Two Weeks' Notice: A Revivalist Novel
Page 22
Phone. She needed a damn phone.
And the best place to find one would be inside the central building.
Bryn raced over the open area, trying to keep to the shadows as much as she could; the moonlight was traitorously bright out, but she made it to the garden and hid in the dark overhang of a still-blooming rosebush for a moment. Lights were on in the secured-facility building, and she saw into the windows at the front; there were at least three or four burly, sour-looking nurses who were off to check the rooms. Someone would find the “body” soon.
The patio doors off the garden were locked tight. No way inside. She followed the curve of the building around, testing windows, and finally found one that was open to admit a cool night breeze. She slid it up, careful of the noise, and cast a quick look inside to scout the footing. It was clear beneath, and she slithered over the sill and down to the carpet without much noise.
The old woman sleeping on the gurney—unrestrained, except for the metal railings—didn’t stir. She looked as frail as a dandelion, but someone cared about her—there was a thick, hand-knitted afghan tucked around her, and a pillow nicer than anything available in the facility. Bryn scanned her bedside table, but found no trace of a cell phone or landline. She eased the door open. This facility had wider hallways, nicer carpet, big windows, and—unfortunately—more nurses. These were going door-to-door, methodically checking beds; when one went into a room, another came out, as if they’d planned it that way to cover any eventuality.

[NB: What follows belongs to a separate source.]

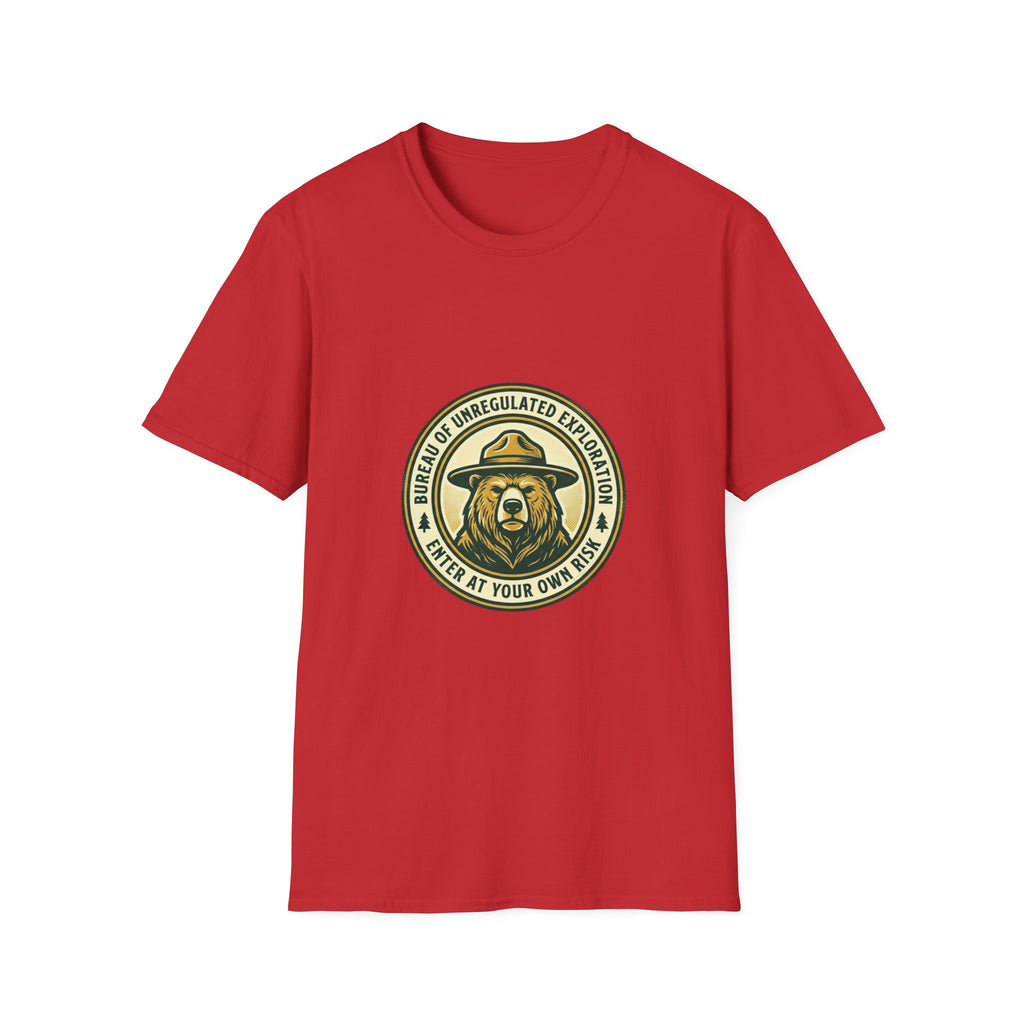 Unregulated Exploration T-Shirt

Bryn closed the door with a faint click and looked around. The bathroom wasn’t big, and she had the distinct feeling they’d be looking inside it anyway as they searched. Likewise the narrow closet. She went back to the window and closed it, and heard footsteps approaching.
Time to decide.
She dropped to the carpet and rolled into the shadows cast by the dangling afghan on the far side of the gurney/bed. There was no way to get all the way underneath, so it was the best she could do. Her heart hammered as the attendant stepped inside, opened the bathroom, the closet, and came over to check the window.
He never glanced her way. The woman on the bed, as Bryn had guessed, would be of no real interest to him, and he’d be focused instead on the concealed places, not the open ones.
Bryn let out a slow breath as he finished his search, exited the room, and shut the door behind him. She stood up and followed him, peeping out the narrow crack of wood to check the hallway. She waited until the staff had completely finished their search of the hall. One went back to the round nurses’ station desks; the others moved on, presumably to the next set of rooms.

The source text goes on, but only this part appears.